Crowdfunding has provided a launchpad for countless manufacturing businesses. By now, most of us know the routine. A company offers a product through a crowdfunding site, takes payment from interested parties and then uses the cash to fund production. A few weeks or months later, the customers receive their products. Usually associated with early-stage companies, it’s a tried and trusted way of funding manufacturing while keeping upfront costs to a minimum.
But can you use the crowdfunding model – or something that looks very like it – to support a manufacturing business on an ongoing basis? Or to put it another way, we live in an age of instant gratification, so once a business has sold its products to an audience of early adopters, can it expand its sales operation to a bigger market using a pay-now-get-it-delivered later approach?
Well, U.K.-based e-bike company Swytch is having a good crack at growing its market share using what is admittedly a variation on the crowdfunding theme.
Founded in 2017, Swytch offers kits that enable its customers to convert their bicycles into fully-fledged e-bikes. Its main selling point is that the kits can be fitted to any bike.
And to date, the company has made significant progress in a growing – but some would argue, still relatively nascent market.
In 2021, the company sold 15,700 units in the UK, representing – according to company figures – a one-in-fourteen share of the e-bike market. Looking at the current year, CEO and co-founder, Oliver Montague says the business is on course to secure a 10 percent market share. Initially, the company was supported by an £800,000 angel investment, This was augmented in March of this year by further angel funding of £3.95 million.
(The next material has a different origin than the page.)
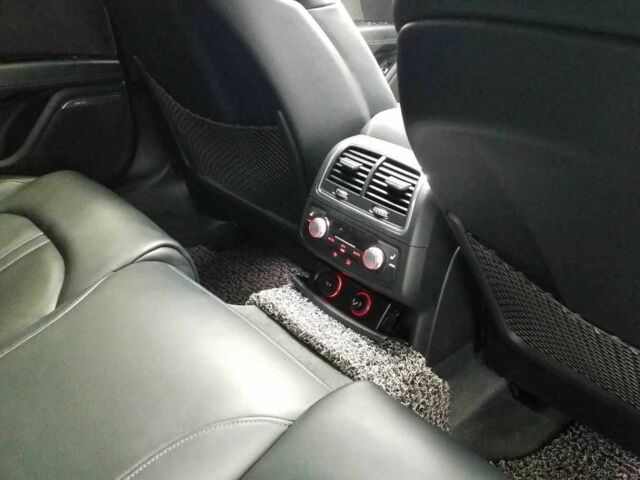 Серый Ауди A7 Sportback, объемом двигателя 3 л и пробегом 153 тыс. км за 8500 $, фото 7 на Automoto.ua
But as Montague explains, while $3.95 million represents a significant sum, the company is now going abandon a prudent approach to funding production and growth.
Crowdfunding Roots
A graduate of Oxford University, Montague begin converting push-bikes into e-bikes first for himself and then for friends. Demand grew and he found himself running a small business. From there he began selling third-party e-bike kits. “By 2016, I was selling about 300 e-bike kits a year,” he says.
The next step was to design and sell his own e-bikes. To do that he founded a company in 2017 with two co-founders. An engineering graduate – albeit one who went on to work for professional services company PWC – he designed the kits and sold them through IndieGoGo.
“In 2019, we improved the product significantly and that’s when we really began to grow,” he says.
Business Model
The company also devised a business model that cuts costs for buyers while maintaining a balance between payments coming in and the outflow of manufacturing costs.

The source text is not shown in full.